─── Task data

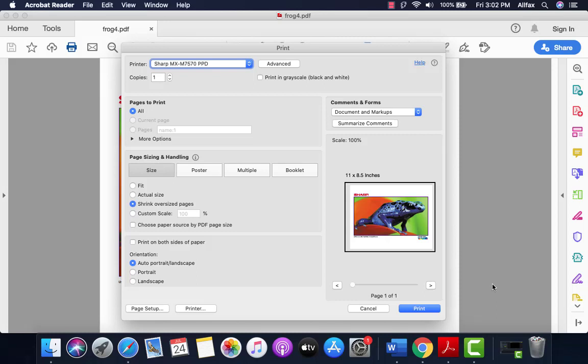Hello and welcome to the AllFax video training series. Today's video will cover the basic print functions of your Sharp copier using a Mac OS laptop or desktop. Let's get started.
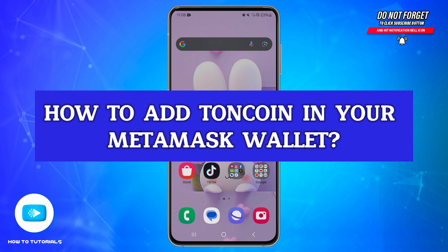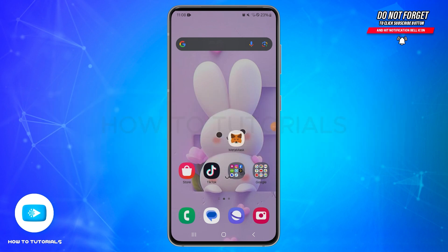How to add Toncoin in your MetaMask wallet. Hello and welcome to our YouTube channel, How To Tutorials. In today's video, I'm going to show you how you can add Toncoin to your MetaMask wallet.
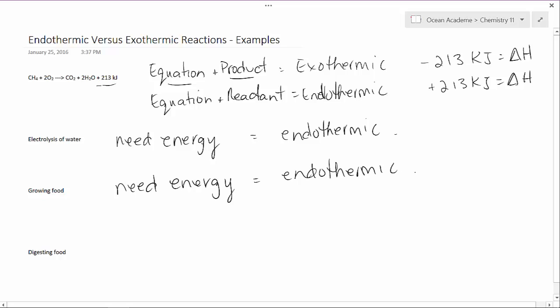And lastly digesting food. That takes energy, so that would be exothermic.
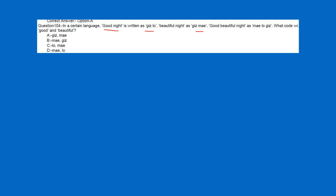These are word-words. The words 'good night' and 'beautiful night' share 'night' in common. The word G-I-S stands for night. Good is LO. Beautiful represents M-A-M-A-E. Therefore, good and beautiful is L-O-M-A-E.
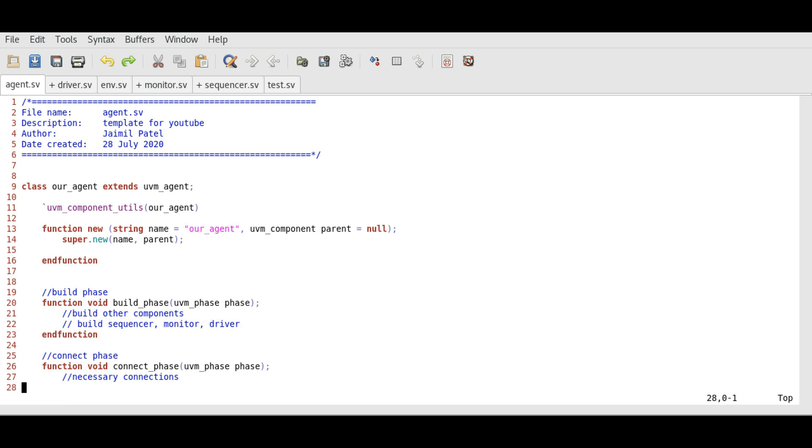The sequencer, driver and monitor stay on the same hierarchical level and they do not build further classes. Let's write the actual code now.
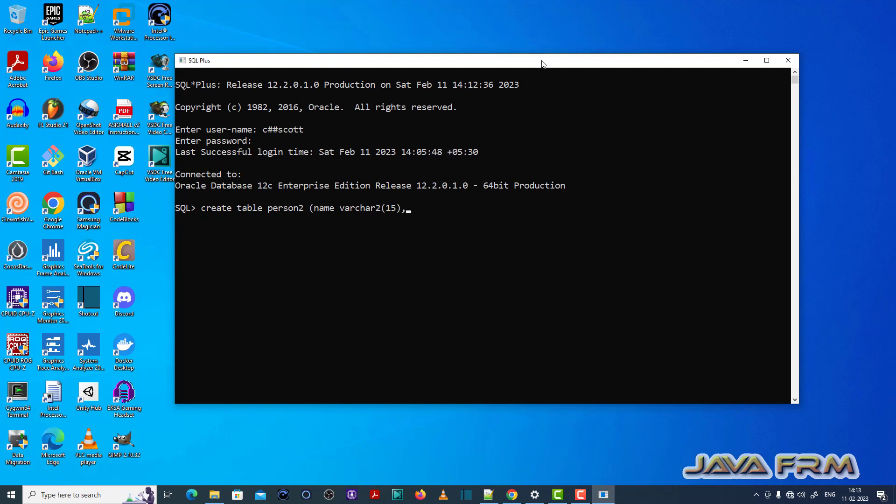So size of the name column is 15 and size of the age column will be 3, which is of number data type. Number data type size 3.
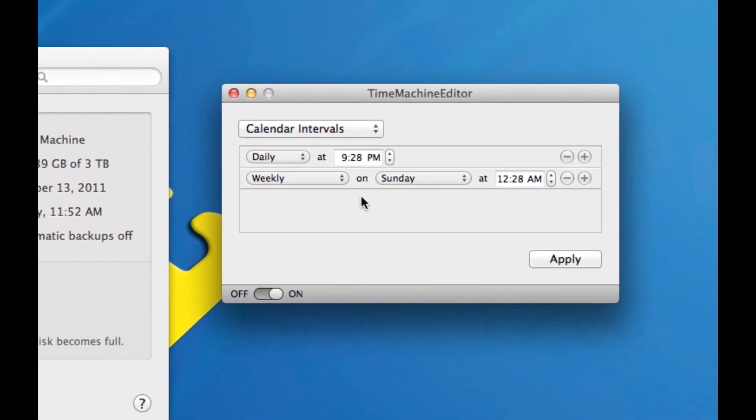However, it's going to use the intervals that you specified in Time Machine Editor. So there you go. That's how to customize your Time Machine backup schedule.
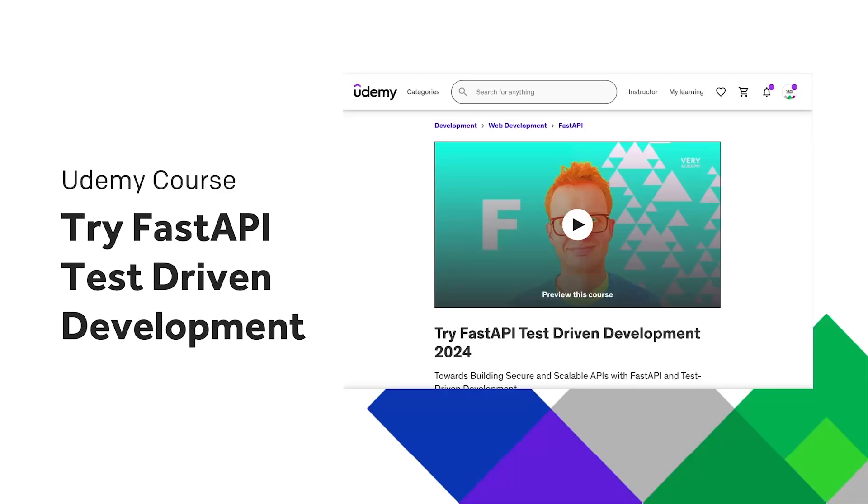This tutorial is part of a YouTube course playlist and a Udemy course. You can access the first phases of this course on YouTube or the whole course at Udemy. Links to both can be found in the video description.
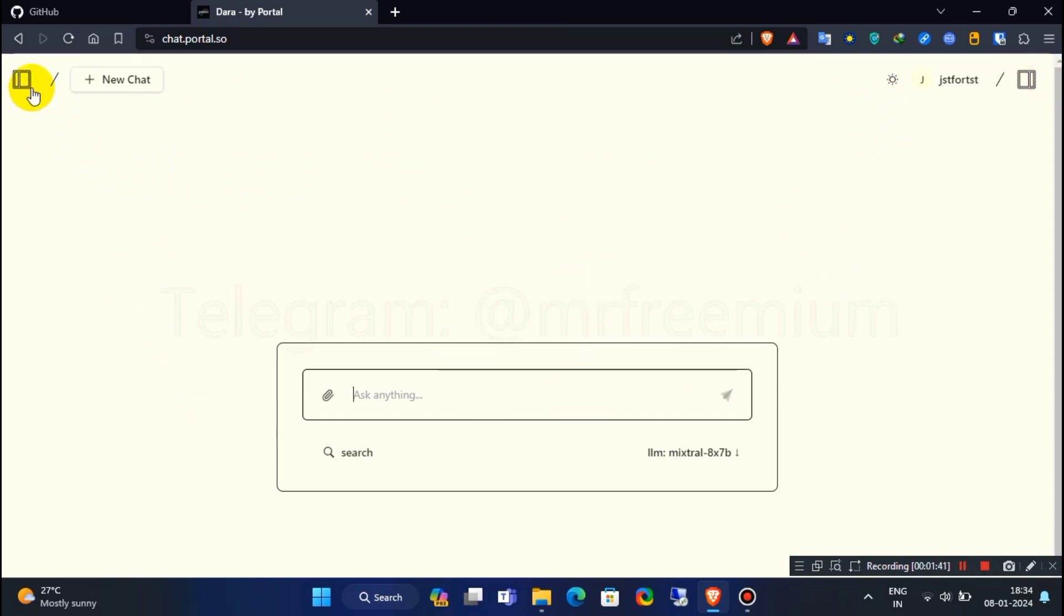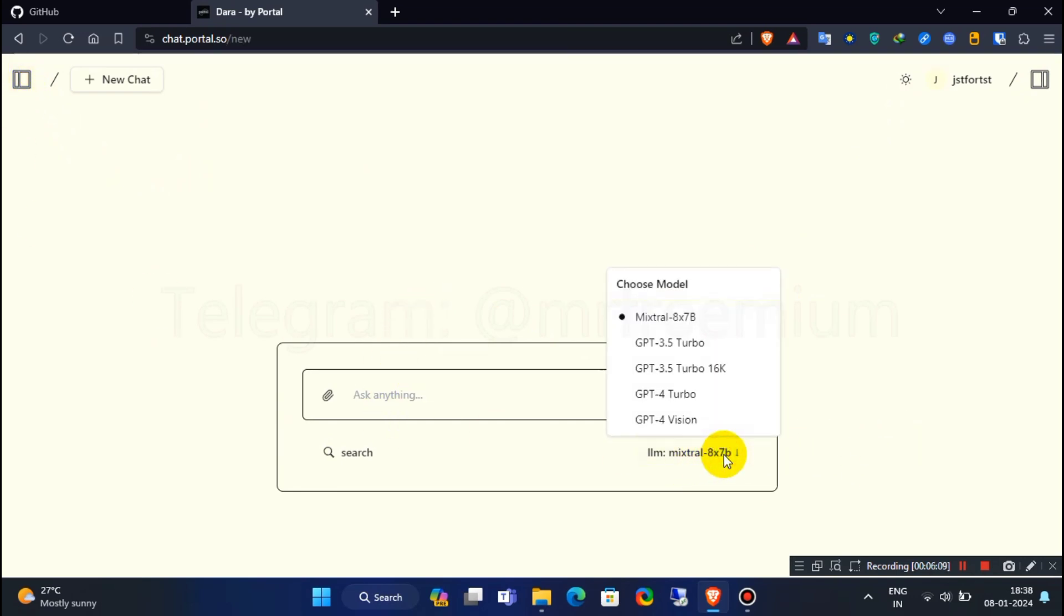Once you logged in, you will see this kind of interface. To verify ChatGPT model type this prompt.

──────

_Assigned task_
Reproduce only the lines between the line with "However, it's going" and the final line of the records, both included, so that the copy matches them exactly and contains no pictures.

_Response_
However, it's going to use the intervals that you specified in Time Machine Editor. So there you go. That's how to customize your Time Machine backup schedule.
This tutorial is part of a YouTube course playlist and a Udemy course. You can access the first phases of this course on YouTube or the whole course at Udemy. Links to both can be found in the video description.
Once you logged in, you will see this kind of interface. To verify ChatGPT model type this prompt.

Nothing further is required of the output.